Wednesday, SEPTEMBER 5, 2012
Item Analysis and Item Discrimination
Submitted by: Song liping
Item analysis
Item analysis
is a process which examines student responses to individual test items in order
to assess the quality of those items and of the test as a whole. Item analysis is especially valuable in improving
items which will be used again in later tests, but it can also be used to
eliminate ambiguous or misleading items in a single test administration.
Item discrimination
Traditional test analysis
considers the extent to which a single item distinguishes between able and less
able candidates in a similar way to the test as a whole. Items which are not
consistent with the other items in the way in which they distinguish between
able and less able candidates (as measured by this test) are considered for
deletion, amendment, or placement on a different test. Modern test analysis techniques
consider other factors as well. (These are discussed later).For a test of many
items, it is common practice to assume that the total score on the trial test
is a reasonable estimate of achievement for that type of test.

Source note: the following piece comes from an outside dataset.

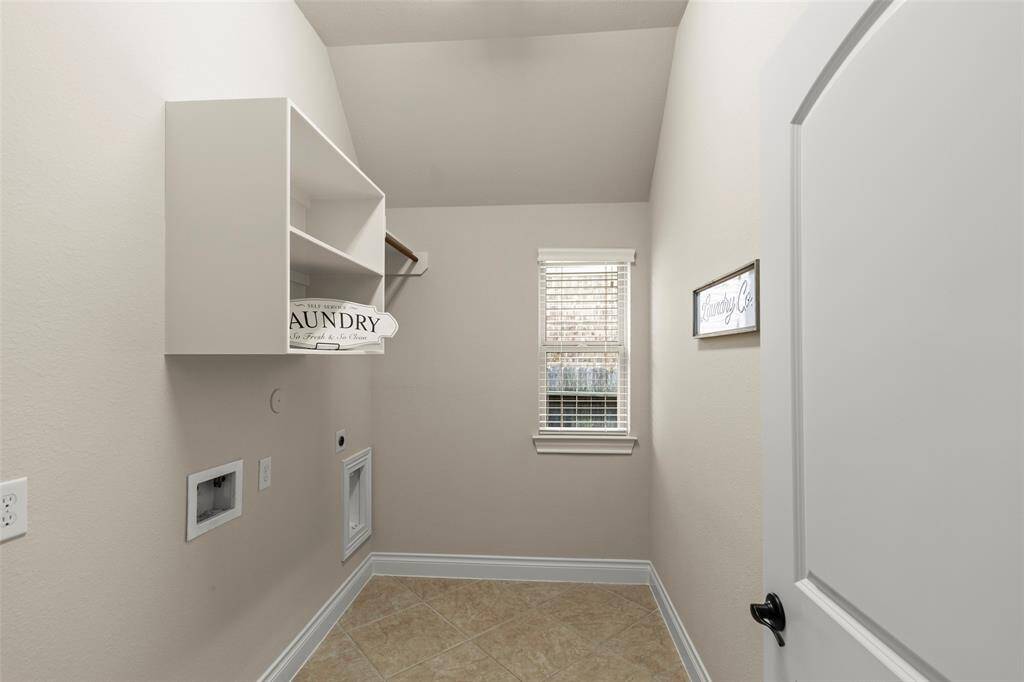 Nice Sized Laundry Room with Shelves and Hanging Rod for Storage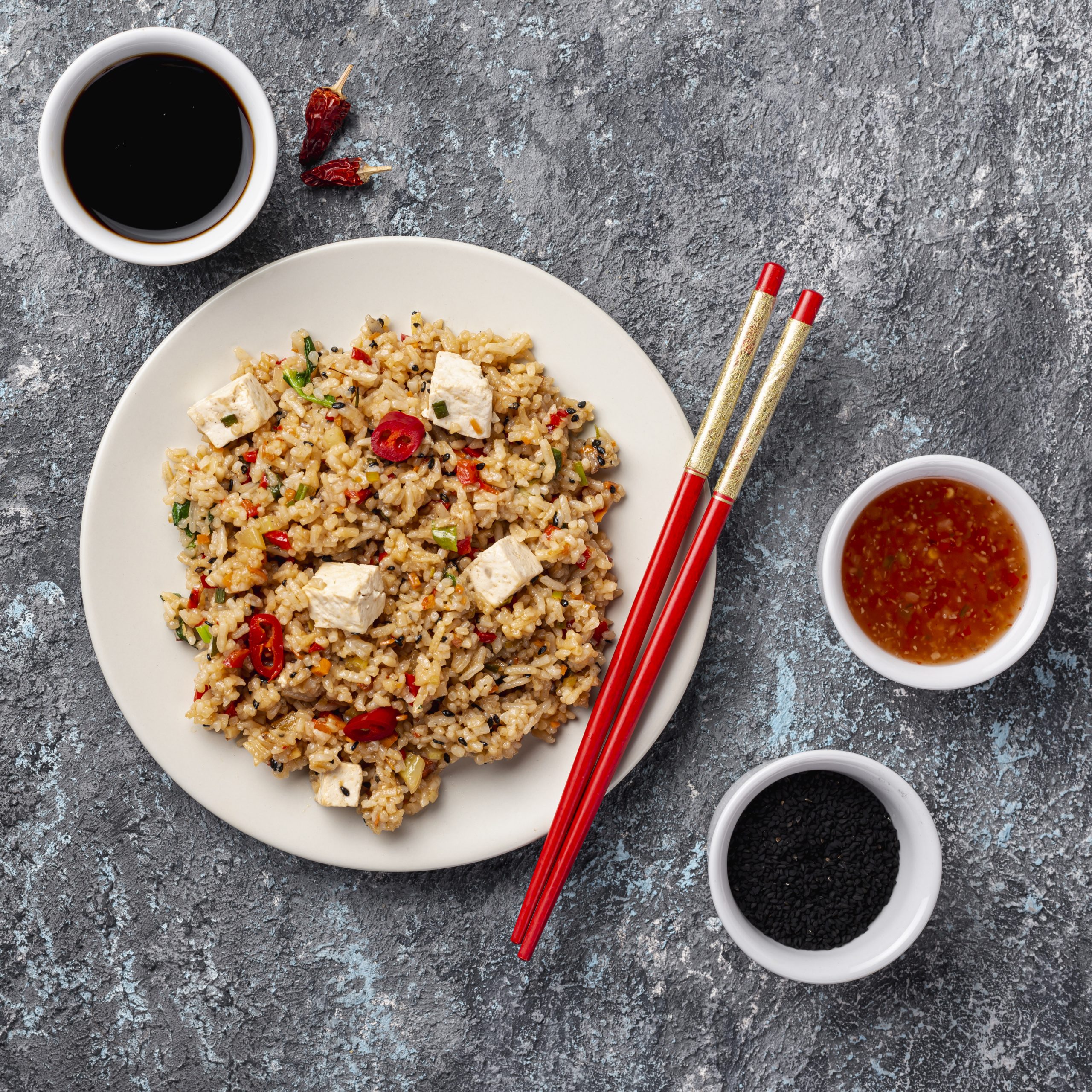 top-view-rice-with-vegetables-soy-sauce-chopsticks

Criterion groups
may be selected on the basis of total score (if that type of analysis is being
done). When such an assumption is made, we expect candidates with high total
scores to have high achievement and candidates with low total scores to have low
achievement. The procedure investigates how each item distinguishes between candidates
with knowledge and skill, and those lacking such knowledge and skills. Choosing
items with an acceptable discrimination index will tend to provide a new
version of the test
with greater homogeneity.
[However this process should not be taken too far because a test measuring a
more complex area will be made less relevant if only one type of item is
retained.]
Difficulty and Discrimination Distributions
At the end of the Item
Analysis report, test items are listed according their degrees of difficulty
(easy, medium, hard) and discrimination (good, fair, poor). These distributions provide a quick overview
of the test, and can be used to identify items which are not performing well
and which can perhaps be improved or discarded.
Test Statistics
Two statistics are provided
to evaluate the performance of the test as a whole.
Reliability
Coefficient. The reliability of a test
refers to the extent to which the test is likely to produce consistent
scores.
three characteristics of
the test:
1. The intercorrelations
among the items -- the greater the relative number of positive
relationships, and the
stronger those relationships are, the greater the reliability. Item discrimination indices and the test's
reliability coefficient are related in this regard.
2. The length of the test
-- a test with more items will have a higher reliability, all other things being
equal.
3. The content of the test
-- generally, the more diverse the subject matter tested and the testing techniques
used, the lower the reliability.
Reliability coefficients
theoretically range in value from zero (no reliability) to 1.00 (perfect reliability). High reliability means that the questions of
a test tended to "pull together."
Students who answered a given question correctly were more likely to
answer other questions correctly. If a parallel
test were developed by using similar items, the relative scores of students
would show little change. Low reliability means that the questions tended to be
unrelated to each other in terms of who answered them correctly. The resulting
test scores reflect peculiarities of the items or the testing situation more
than students' knowledge of the subject matter. As with many statistics, it is
dangerous to interpret the magnitude of a reliability coefficient out of context.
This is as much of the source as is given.